I’ve no idea what that is. We’ll be riding for about 10-12 hours & will drink about 4 littres of fluids each. Thankfully it’s all out in the countryside, there are lots of bushes, it’s dark, and there’s no-one else around to watch you pee. Apart from the 500 or so other cyclists. Some of whom have night vision goggles…
Which got this reply:
From: "Fat Rob" <Robert.XXXXXXXXXXXXXXX>
Date: 25 June 2009 08:14:08 BST
To: "Karl McCracken" <karl@XXXXXXXXX>, "JXXXXXXXXXXX" , "Doktor Seth, "Tall Rob" <XXXXXXXXX3@hotmail.com>, "The Physicist" <XXXXXXXX@yahoo.co.uk>
Subject: RE: do I need to buy some Tena lady?
Why do you think cycling shorts have elasticated legs……..
Hmmm. . . .
From: JXXXXXXXXXXXXXX
Date: 25 June 2009 08:35:37 BST
To: "’karl@XXXXXXXXXXXXXXX’"
Subject: Re: do I need to buy some Tena lady?
Thanks for sharing this with everyone.
But the thing is, I figured that people would be interested in these sorts of practicalities. After all, no-one wants to make like That Guy From the US Air Force, and get electrolytes on the outside of their drinks bottles! Actually, some people are probably into that sort of thing, but for the rest of us, here’s the advice:
- Riding any sort of distance, you need to drink. My experience of bonking has been due to lack of fluids rather than fuel, and now I drink ~500-1000ml of fluids per hour’s riding.
- But riding when you really need to pee is no fun. Deal with the problem, rather than just holding it all inside.
- Brooks Saddles need more than just Proofride to protect them from a pint o’piss, so get off the bike first.
- Guys - you’ll probably have trouble finding ‘the old chap’ when you grope your way up the leg of your bib shorts. Unless you really are some sort of pervert, the saddle’s pressure is likely to have had just the opposite effect of Pfeizer’s little blue pill. But don’t worry - the other guys riding past will have experienced that same shrinking feeling, and the women riding past . . .

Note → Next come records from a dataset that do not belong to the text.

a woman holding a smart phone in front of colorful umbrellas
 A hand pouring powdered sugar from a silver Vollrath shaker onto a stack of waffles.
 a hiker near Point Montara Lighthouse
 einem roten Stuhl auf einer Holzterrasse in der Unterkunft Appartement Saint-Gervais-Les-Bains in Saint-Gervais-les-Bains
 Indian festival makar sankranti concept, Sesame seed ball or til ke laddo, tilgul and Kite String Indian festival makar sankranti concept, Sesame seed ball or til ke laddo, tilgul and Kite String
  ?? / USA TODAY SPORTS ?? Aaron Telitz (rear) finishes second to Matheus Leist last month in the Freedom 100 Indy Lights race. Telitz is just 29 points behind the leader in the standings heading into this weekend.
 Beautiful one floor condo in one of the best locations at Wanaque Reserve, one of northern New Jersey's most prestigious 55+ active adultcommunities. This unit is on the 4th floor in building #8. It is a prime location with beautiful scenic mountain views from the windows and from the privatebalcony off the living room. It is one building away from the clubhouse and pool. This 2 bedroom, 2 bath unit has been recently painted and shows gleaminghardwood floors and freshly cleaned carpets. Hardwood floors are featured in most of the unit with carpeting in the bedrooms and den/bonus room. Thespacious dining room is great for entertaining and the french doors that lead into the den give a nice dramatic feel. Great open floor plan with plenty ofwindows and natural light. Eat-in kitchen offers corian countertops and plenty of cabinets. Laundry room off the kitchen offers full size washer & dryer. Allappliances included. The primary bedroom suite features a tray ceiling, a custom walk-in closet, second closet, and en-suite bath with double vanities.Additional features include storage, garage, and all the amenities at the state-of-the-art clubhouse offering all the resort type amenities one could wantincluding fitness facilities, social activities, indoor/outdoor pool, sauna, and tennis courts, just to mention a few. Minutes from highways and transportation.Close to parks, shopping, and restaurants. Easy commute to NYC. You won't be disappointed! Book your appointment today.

- . . . well, if they’re wearing bib shorts, they’ve got more to worry about than the apparent lack of a punch you’re packing.
- So girls: Unless you want to get totally naked while you squat behind that bush (that we can all see round as we ride past), opt for plain shorts rather than a bib. More pressure on the tummy while you ride, but with today’s proliferation of helmet-mounted cameras, better that than #1 ranking on YouTube!